** Problem details **
Your copy should match the listing below word for word, with no images in it.

** Raw data **
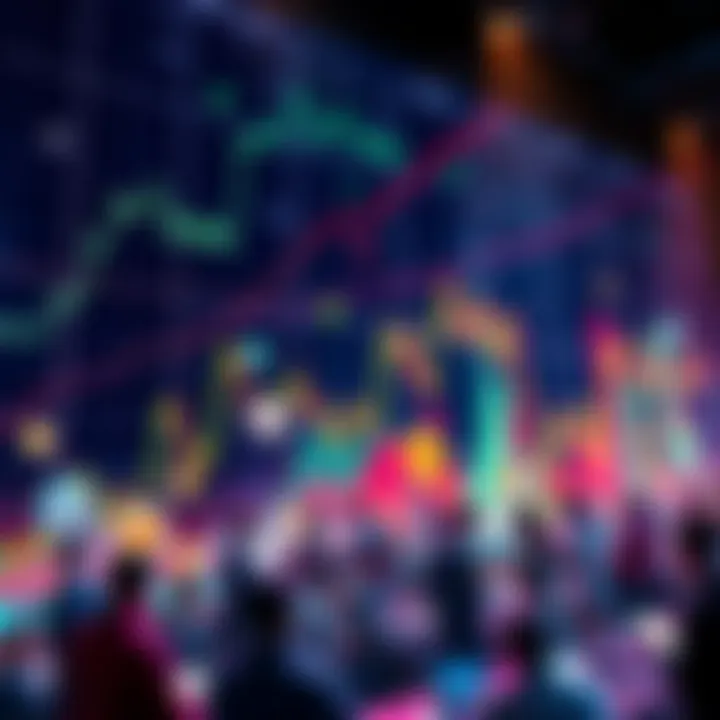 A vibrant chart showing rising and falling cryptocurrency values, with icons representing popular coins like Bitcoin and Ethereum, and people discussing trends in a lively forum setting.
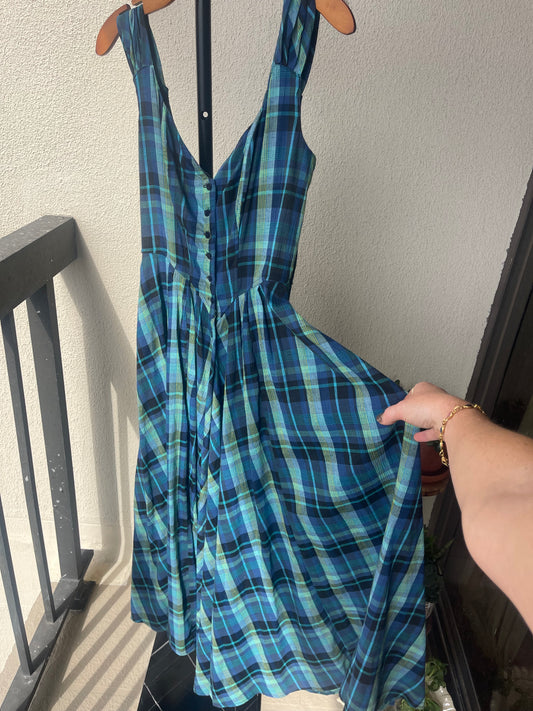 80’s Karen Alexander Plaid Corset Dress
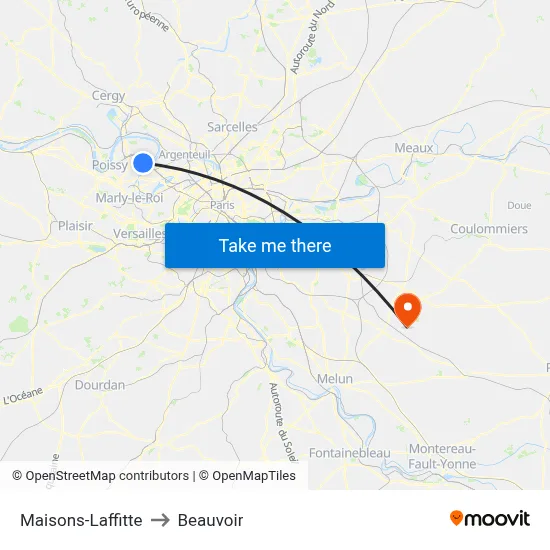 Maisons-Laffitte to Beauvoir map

** Finished task **
 A vibrant chart showing rising and falling cryptocurrency values, with icons representing popular coins like Bitcoin and Ethereum, and people discussing trends in a lively forum setting.
 80’s Karen Alexander Plaid Corset Dress
 Maisons-Laffitte to Beauvoir map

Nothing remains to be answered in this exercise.